Es ist Nacht auf den Feldern Bethlehems. Einige Hirten hüten dort ihre Herden. Worüber mögen sie sprechen? Über die Volkszählung des Kaisers? Über ihre Messias-Erwartungen? Wir wissen es nicht. Doch es ist gut möglich. Doch plötzlich werden sie aus ihren Gedanken gerissen. Da tritt ein Engel zu ihnen und spricht: „Fürchtet euch nicht! Denn siehe, ich bringe euch frohe Nachricht von großer Freude, die dem ganzen Volk gilt.
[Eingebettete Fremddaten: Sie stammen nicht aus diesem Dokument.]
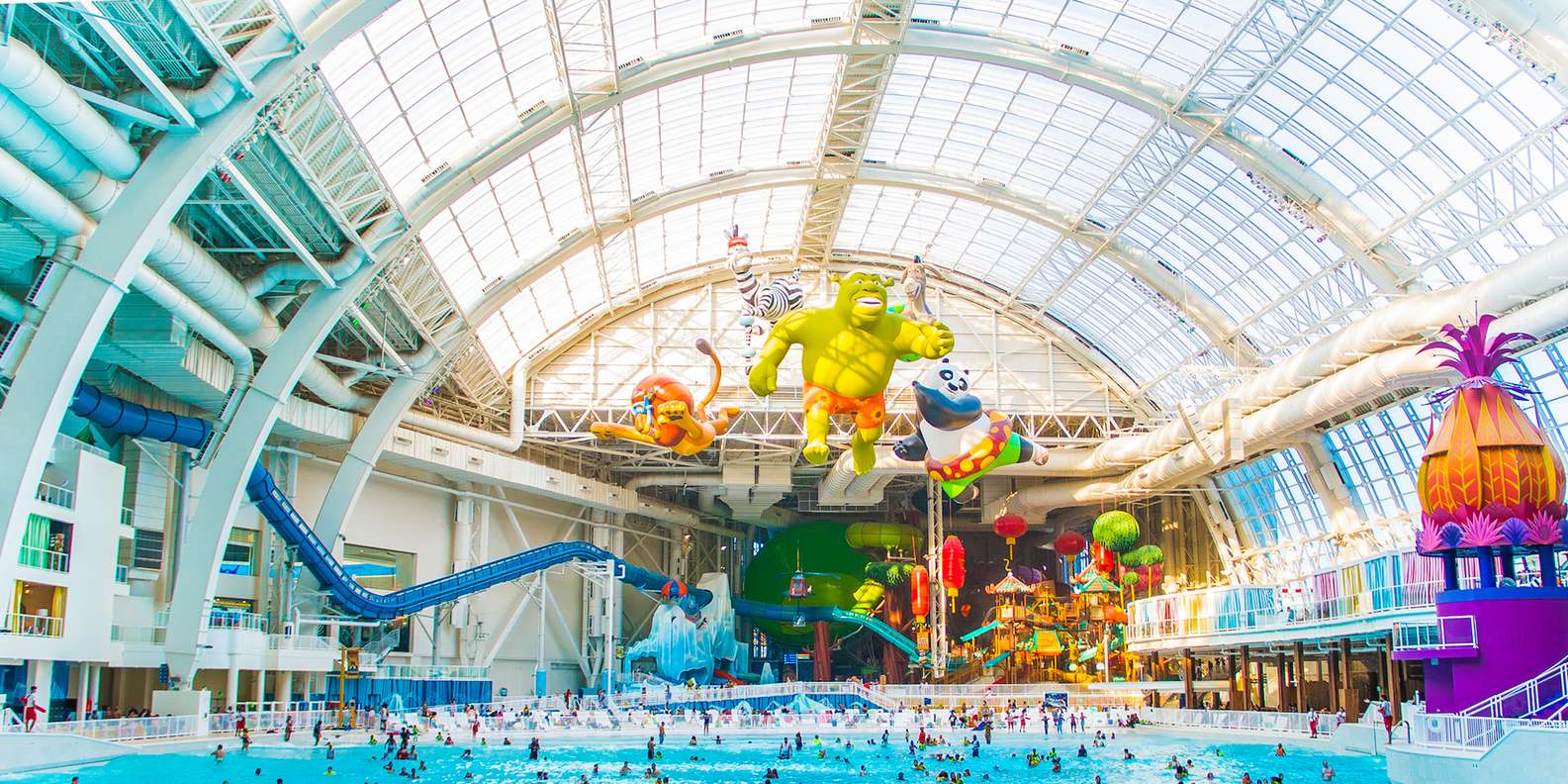 The World's Coolest Indoor Water Parks  Indoor waterpark, Water park,  Beautiful places to travel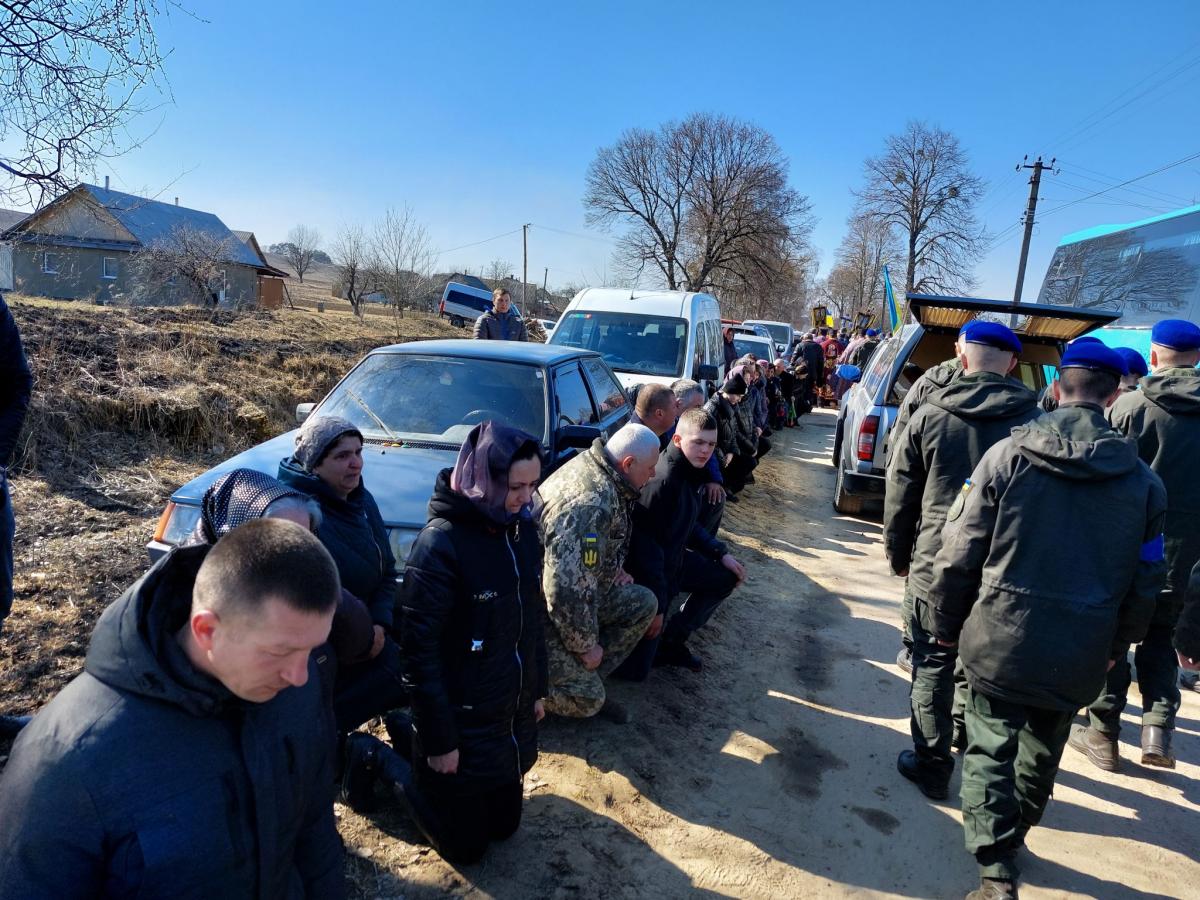 Новини Тернополя - фото з Іванкові було всього 23… На Шумщині прощаються з військовим-контрактником Іваном Аніним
Denn es ist heute in der Stadt Davids ein Retter geboren, welcher der Messias, der Herr ist“ (Lukas 2,10-11). Da sind auf einmal alle Probleme und Sorgen gebannt. Die Flut der Sorgen und der Zerstörung scheint stillzustehen. Der Messias ist endlich da! Das ist die Frohe Botschaft, das Evangelium. Jetzt wird Gott herrschen. Doch nicht nur dem Volk gilt die Botschaft, sondern allen Menschen. „Herrlichkeit bei Gott in den Höhen und Frieden auf Erden unter den Menschen des Wohlgefallens“ (Lukas 2,14). Gott erzeigt seine Barmherzigkeit an allen Menschen, darum schenkt er den Messias für alle.

Doch jetzt kam der Messias nicht, um von den äußeren Umständen zu Befreien, sondern „er wird sein Volk retten von ihren Sünden“ (Matthäus 1,21). Das sagte der Engel zu Joseph, als er die Geburt Jesu vorhersagte. Der Messias würde jetzt beginnen Gottes Reich aufzurichten, doch erst auf eine andere Art und Weise, wie es sich die Juden vorstellten. „Denn Gott hat seinen Sohn nicht in die Welt ge-sandt, um die Welt zu richten, sondern, damit die Welt durch ihn gerettet wird“ (Johannes 3,17). Denn wir erinnern uns: Zuerst muss der Mensch von seiner Sünde erlöst werden, damit er an Gottes Reich teilhaben kann.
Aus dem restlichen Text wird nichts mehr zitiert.